» **THE PROBLEM**:
Pictures are to be excluded. Please print only the lines from the one containing "A modern living" through the end of the data, exactly as they appear.

» **DATA SEGMENT**:

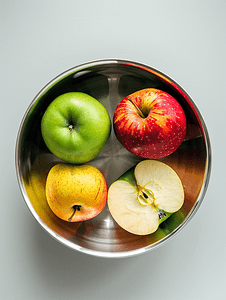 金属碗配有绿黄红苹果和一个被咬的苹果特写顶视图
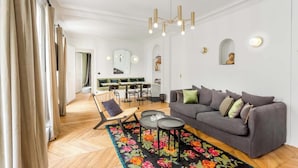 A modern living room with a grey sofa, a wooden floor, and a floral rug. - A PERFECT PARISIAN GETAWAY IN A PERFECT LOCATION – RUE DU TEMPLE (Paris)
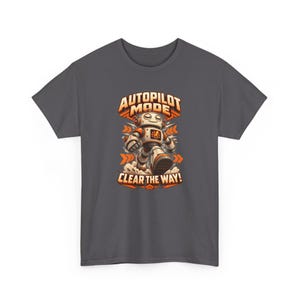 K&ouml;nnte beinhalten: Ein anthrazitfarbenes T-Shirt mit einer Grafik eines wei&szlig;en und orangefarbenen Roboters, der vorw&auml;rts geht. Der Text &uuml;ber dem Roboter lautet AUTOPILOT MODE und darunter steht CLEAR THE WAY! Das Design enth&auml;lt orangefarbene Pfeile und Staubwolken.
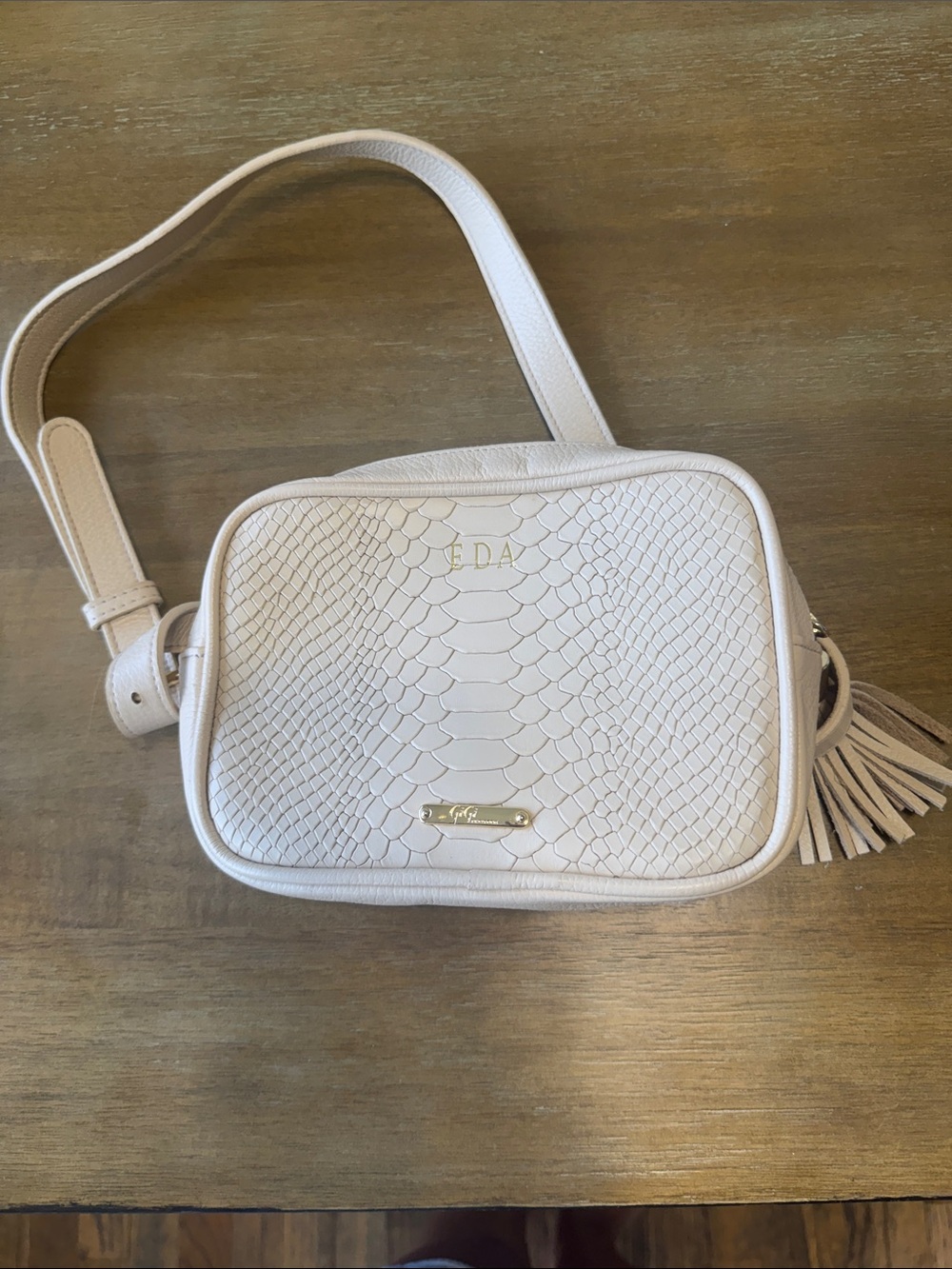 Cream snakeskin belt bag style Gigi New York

» **TASK SOLUTION**:
 A modern living room with a grey sofa, a wooden floor, and a floral rug. - A PERFECT PARISIAN GETAWAY IN A PERFECT LOCATION – RUE DU TEMPLE (Paris)
 K&ouml;nnte beinhalten: Ein anthrazitfarbenes T-Shirt mit einer Grafik eines wei&szlig;en und orangefarbenen Roboters, der vorw&auml;rts geht. Der Text &uuml;ber dem Roboter lautet AUTOPILOT MODE und darunter steht CLEAR THE WAY! Das Design enth&auml;lt orangefarbene Pfeile und Staubwolken.
 Cream snakeskin belt bag style Gigi New York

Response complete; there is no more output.